Pre-tax income in 3Q 2016 was $3.2 million compared to $2.7 million in 3Q 2015 and $3.4 million in 2Q 2016 and was driven by the above mentioned factors.

Cash Connect results reflect 16% growth over 2015
Cash Connect® is a premier provider of ATM vault cash and smart safe and cash logistics services in the United States. Cash Connect® services over 20,000 non-bank ATMs and smart safes nationwide with over $890 million in cash and also operates over 440 ATMs for WSFS Bank, which has the largest branded ATM network in Delaware.

Our Cash Connect® division recorded $8.1 million in net revenue (fee income less funding costs) in 3Q 2016, an increase of $1.1 million or 16% from 3Q 2015, reflecting continued organic growth. Net revenue increased $0.4 million compared to 2Q 2016. Noninterest expense (including intercompany allocations of expense) was $5.8 million during 3Q 2016, an increase of $0.9 million from 3Q 2015 and an increase of $0.2 million compared to 2Q 2016.  Cash Connect® reported pre-tax income of $2.3 million for 3Q 2016, which was an increase of $0.2 million, or 10% from 3Q 2015. Third quarter 2016 pre-tax income increased $0.1 million, or 6% from $2.2 million when compared to 2Q 2016.

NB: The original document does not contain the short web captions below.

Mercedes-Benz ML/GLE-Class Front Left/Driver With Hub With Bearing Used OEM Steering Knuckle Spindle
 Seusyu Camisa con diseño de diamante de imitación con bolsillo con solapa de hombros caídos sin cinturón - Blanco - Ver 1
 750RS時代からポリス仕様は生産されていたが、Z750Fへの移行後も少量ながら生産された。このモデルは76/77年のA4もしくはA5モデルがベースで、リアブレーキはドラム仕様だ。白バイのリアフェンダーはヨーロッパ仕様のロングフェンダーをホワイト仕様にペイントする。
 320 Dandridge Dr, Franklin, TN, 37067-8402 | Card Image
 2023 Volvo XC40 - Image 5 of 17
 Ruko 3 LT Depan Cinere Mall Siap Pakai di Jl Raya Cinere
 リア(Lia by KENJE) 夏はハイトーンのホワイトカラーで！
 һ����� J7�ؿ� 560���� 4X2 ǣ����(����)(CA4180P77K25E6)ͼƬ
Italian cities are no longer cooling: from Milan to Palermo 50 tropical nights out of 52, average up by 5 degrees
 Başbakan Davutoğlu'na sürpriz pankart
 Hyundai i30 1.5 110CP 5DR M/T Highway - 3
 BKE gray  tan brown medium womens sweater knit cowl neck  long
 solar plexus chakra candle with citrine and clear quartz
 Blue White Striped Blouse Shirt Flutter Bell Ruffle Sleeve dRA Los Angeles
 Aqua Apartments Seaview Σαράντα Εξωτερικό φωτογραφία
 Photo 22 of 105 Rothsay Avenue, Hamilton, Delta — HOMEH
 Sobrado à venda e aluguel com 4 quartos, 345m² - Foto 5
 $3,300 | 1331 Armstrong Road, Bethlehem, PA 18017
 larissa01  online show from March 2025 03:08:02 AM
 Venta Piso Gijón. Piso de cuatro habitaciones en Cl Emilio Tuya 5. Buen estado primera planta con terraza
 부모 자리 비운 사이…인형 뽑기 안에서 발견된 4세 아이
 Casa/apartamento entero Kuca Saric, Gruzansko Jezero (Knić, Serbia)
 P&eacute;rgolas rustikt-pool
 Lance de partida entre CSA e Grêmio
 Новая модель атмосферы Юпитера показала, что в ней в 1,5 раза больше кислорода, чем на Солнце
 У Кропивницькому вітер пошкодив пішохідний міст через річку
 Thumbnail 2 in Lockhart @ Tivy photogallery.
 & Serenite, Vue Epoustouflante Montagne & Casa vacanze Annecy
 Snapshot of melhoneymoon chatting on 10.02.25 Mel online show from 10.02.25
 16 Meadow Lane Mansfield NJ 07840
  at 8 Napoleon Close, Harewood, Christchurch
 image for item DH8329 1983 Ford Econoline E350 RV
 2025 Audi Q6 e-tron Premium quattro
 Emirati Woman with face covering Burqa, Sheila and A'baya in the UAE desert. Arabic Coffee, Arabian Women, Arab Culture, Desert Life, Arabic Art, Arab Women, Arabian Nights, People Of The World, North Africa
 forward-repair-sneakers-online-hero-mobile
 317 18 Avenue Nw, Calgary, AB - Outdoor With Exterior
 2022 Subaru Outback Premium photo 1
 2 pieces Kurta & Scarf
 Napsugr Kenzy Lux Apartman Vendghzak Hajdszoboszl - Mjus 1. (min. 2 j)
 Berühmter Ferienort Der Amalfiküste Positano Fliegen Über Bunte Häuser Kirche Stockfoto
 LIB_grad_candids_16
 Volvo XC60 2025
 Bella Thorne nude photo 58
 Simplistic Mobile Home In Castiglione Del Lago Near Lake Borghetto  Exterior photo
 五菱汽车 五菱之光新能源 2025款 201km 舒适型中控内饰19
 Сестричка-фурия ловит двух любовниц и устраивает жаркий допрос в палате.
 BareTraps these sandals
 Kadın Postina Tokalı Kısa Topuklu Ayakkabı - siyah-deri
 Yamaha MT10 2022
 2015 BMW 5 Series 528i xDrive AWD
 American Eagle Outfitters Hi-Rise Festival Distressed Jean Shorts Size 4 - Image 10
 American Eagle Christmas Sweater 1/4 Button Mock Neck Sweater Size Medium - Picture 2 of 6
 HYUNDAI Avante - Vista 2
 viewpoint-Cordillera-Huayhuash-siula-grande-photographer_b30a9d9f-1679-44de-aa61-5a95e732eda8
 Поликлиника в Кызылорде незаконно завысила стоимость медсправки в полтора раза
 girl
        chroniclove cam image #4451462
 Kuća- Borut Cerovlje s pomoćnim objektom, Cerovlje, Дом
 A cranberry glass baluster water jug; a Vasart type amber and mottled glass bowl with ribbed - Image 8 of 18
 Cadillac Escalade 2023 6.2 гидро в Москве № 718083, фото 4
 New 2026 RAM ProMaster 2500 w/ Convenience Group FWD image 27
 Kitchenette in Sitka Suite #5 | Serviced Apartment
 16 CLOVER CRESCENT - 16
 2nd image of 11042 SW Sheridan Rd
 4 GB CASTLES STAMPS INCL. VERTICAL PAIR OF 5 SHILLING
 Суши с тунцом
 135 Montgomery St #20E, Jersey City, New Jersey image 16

Cash Connect has experienced significant year-over-year fee income growth resulting from the expansion of its core business offerings of ATM Vault Cash and related Total Cash Management services. This growth has been driven by expanding our relationships with some of the largest independent ATM deployers in the United States.  Our Cash Connect division is also realizing strong growth with its new smart safe cash logistics offering, which is an added source of fee income.  Cash Connect has a growing smart safe pipeline being generated by four national smart safe distribution partners that are actively marketing our program.

Income taxes
The Company recorded a $6.8 million income tax provision in 3Q 2016, compared to $8.5 million in 2Q 2016 and an $8.1 million tax provision in 3Q 2015. 

The effective tax rate was 34.9% in 3Q 2016, 32.7% in 2Q 2016 and 35.9% in 3Q 2015.  The 2Q 2016 effective rate was impacted by the tax benefit resulting from the adoption of new accounting guidance related to stock based compensation.  The effective tax rate in 3Q 2016 decreased when compared to 3Q 2015 due to the ongoing impact of the new stock based compensation guidance along with increased tax-exempt municipal bond and BOLI income.

Capital management
WSFS’ total stockholders’ equity increased $74.8 million, or 12% (not annualized), to $692.0 million at September 30, 2016 from $617.2 million at June 30, 2016, primarily due to the stock issued in conjunction with the acquisition of Penn Liberty and quarterly earnings. Partially offsetting these increases was the payment of common stock dividends and stock buybacks during the quarter.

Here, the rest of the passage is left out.